__Assigned task__:
Please write out exactly the lines from the one with "Boumini Short Sleeve" through the end of the data below, both ends included, and omit any pictures.

__Material shown__:
....

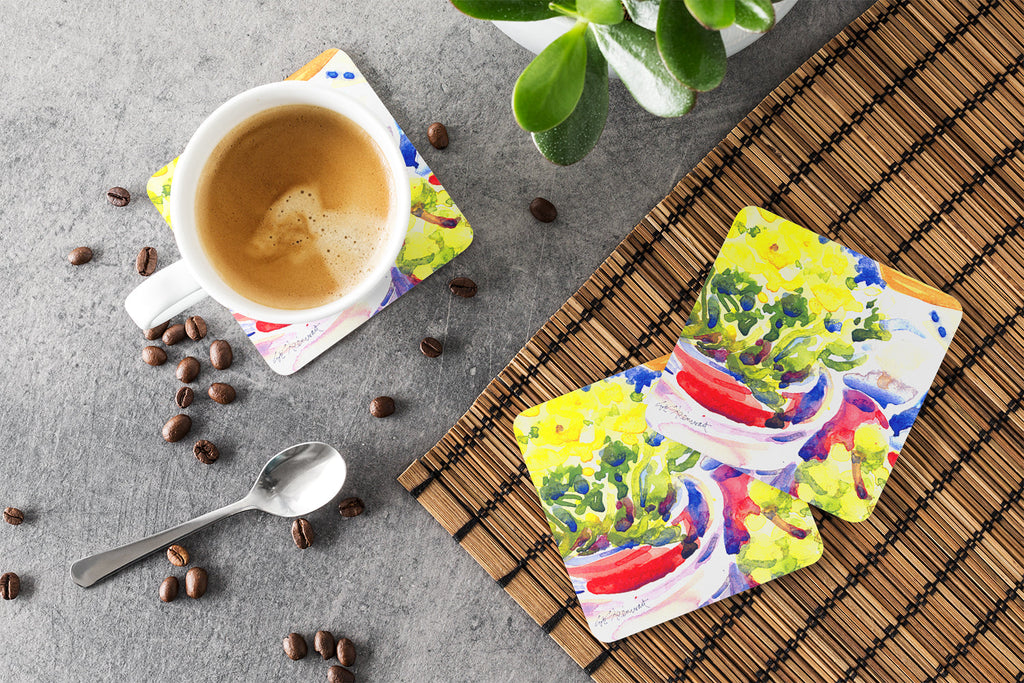 Flower Foam Coasters Set of 4 Cup Coasters for Indoor Outdoor, Tabletop Protection, Anti Slip, Mouse pad Material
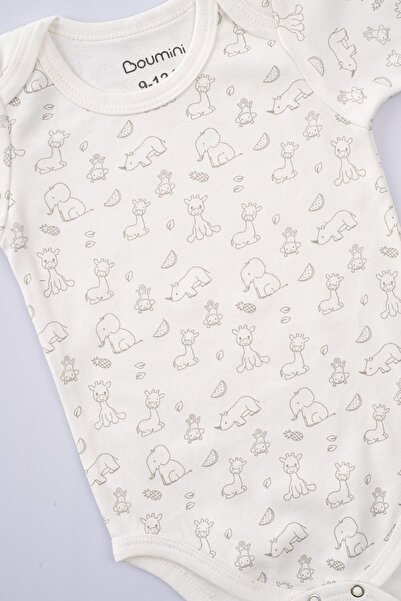 Boumini Short Sleeve Cotton Baby Bodysuit - Envelope Collar, Giraffe Cream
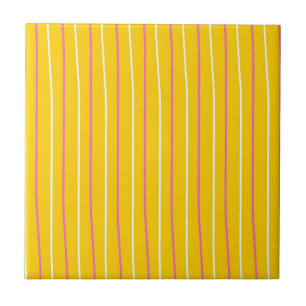 Yellow Vertical Stripe Pattern Tile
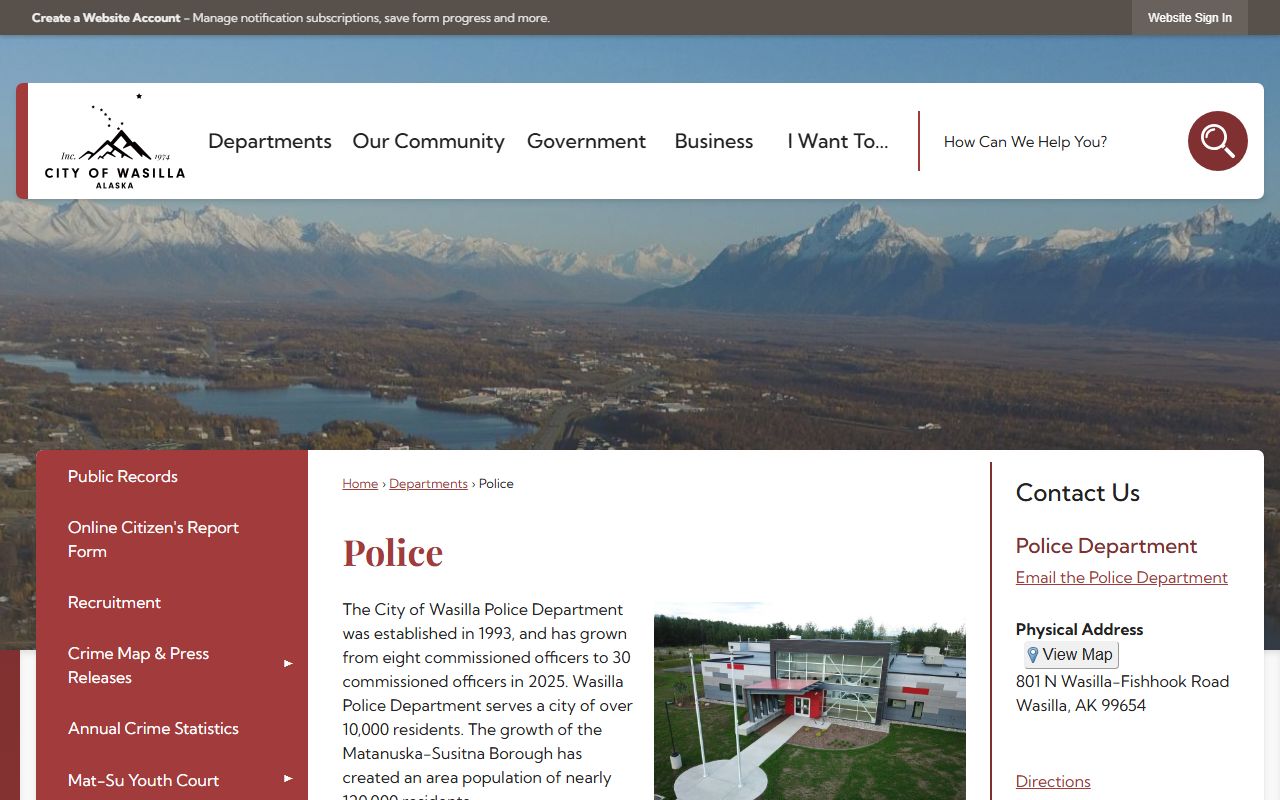 City of Wasilla Police Department main page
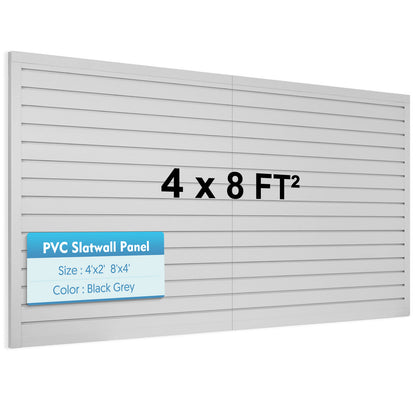 Slatwall Panels 8 ft x 4 ft Horizontal PVC Slatwall Easy Organizer Panels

....

__Written solution__:
 Boumini Short Sleeve Cotton Baby Bodysuit - Envelope Collar, Giraffe Cream
 Yellow Vertical Stripe Pattern Tile
 City of Wasilla Police Department main page
 Slatwall Panels 8 ft x 4 ft Horizontal PVC Slatwall Easy Organizer Panels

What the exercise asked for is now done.